Bear in mind that Star Wars is a pseudo-techno-universe. A device does what writers want it to do, they don't try to explain it.
Heat sinks themselves would be next to useless in a space ship. Sure, they do absorb heat but they also weigh a lot and when they start to melt they're not going to do any good to the ship. They are needed to equalize the spikes in energy output and store heat energy to be dissipated later.
What a space ship (and a computer!) needs is means to get rid of exess temperature. In fact, a space ship must always pump equivalent amount of heat into space as is generated in various components, in order to avoid overheating and melting. To do that in space there's two options:
Method 1: Ejecting heated matter into space, ie. transferring heat energy by matter transfer. The most sensible way to do this would be ising fuel as heat sink and ejecting the heated fuel. This method was, and probably still is, in fact used in booster rocket engines such as Saturn 5's F1-engines: to avoid the exhaust nozzles and combustion chambers melting, they pumped the cold fuel through pipes circulating the exhaust and combustion chamber before leading it into chamber and ignited. That way the exhaust gas takes away exess heat from the actual burning process and keeps the engine intact. The fuel heatsink was also utilized by SR-71 Blackbird reconnaissance fighter.
Pros: good heat transfer power capacity for a limited time.
Cons: limited ejecta (fuel) supply equals limited useful time for the ship. Obviously it doesn't matter if the main engine is the main heat producer - you run out of fuel, you don't need the heat sink as much any more.
Method 2: Losing thermal energy via radiation, ie. radiating energy to space. Obvious advantage is that it doesn't need to eject any matter into space, so it has unlimited running time as long as fluid circulates in pipes going through the heat source and the pipes. Almost as obvious disadvangtage is that it requires a lot of surface area to get rid of substantiable amounts of thermal energy.

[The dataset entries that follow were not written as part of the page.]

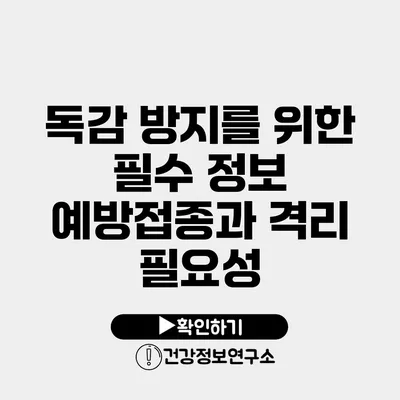 독감 방지를 위한 필수 정보 예방접종과 격리 필요성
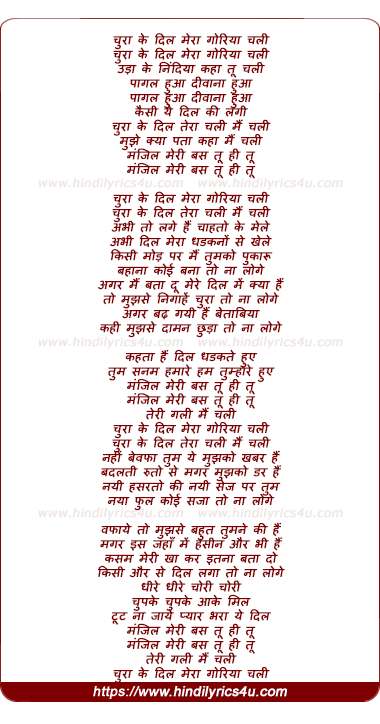 lyrics of song Chura Ke Dil Mera Goriya Chali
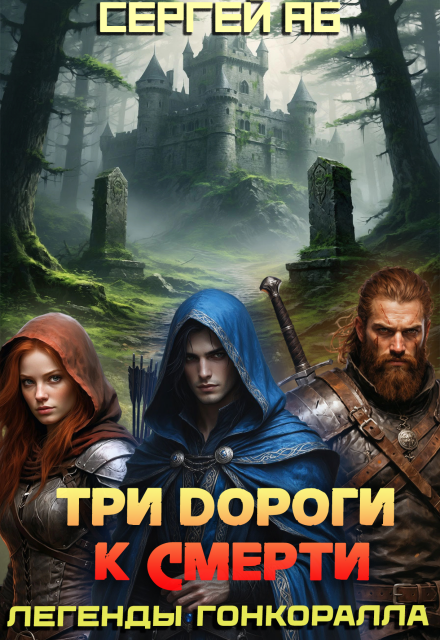 Книга. "Три дороги к смерти" читать онлайн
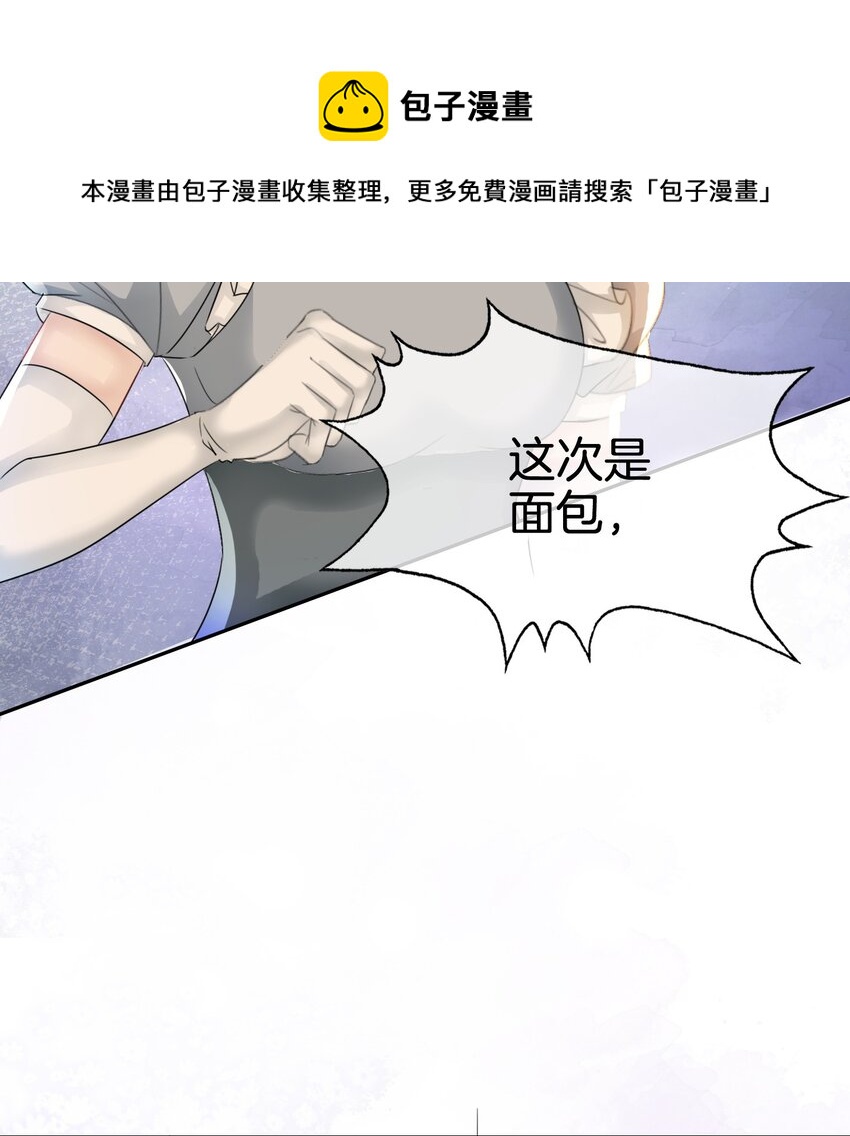 第5话 你不配站在他身边！44
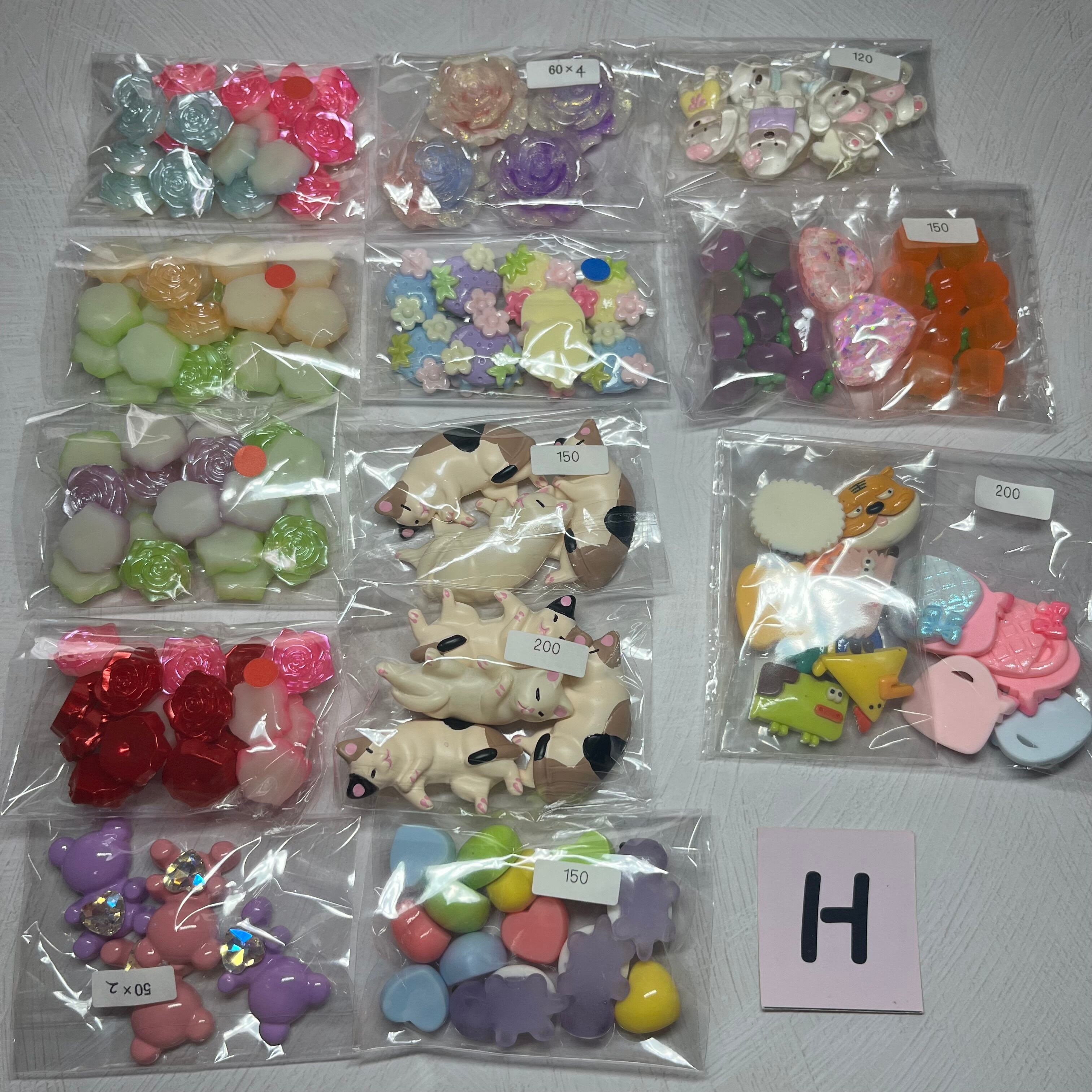 パーツセットH 〜9/14分 | SEA.R_BASE パーツセットH 〜9/14分 | SEA.R_BASE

Also there's a problem if there happens to be an external light source like, say, a star nearby that can actually pump energy into radiators - in which case a cooler becomes a
heater and doesn't really do any good...
Computers, cars and airplanes are able to use the most efficient method of cooling because there's a practically limitless heatsink - atmosphere - available for applications such as combustion engines or electrical devices. They can transfer the heat into air, then pump the air out of system and then pump back cooler air to fill the void. Water cooling uses same method but it uses water instead of air as the primary heat transfer matter - but every water cooling system has an air-cooled heat exchanger that transfers water's thermal energy into air. So it's air cooling with a twist.
In vacuum, nothing goes through the intakes so the only way they could be used for cooling in space is to be radiators, since obviously they do not spew coolant forwards. Hopefully. They are also way too small to be radiators of any significant power. So that leads me to think that they are in fact only used in atmosphere. It's possible that in atmospheric flight, craft such as X-Wing and B-Wing are able to use air as primary propellant, ie. using their engines as some sort of ramjets that take in air, superheat it and blast it out of their end. It's possible to do with sufficient energy source such as petroleoum, lasers or intense nuclear generator heat.
...Or, they are just there to look cool.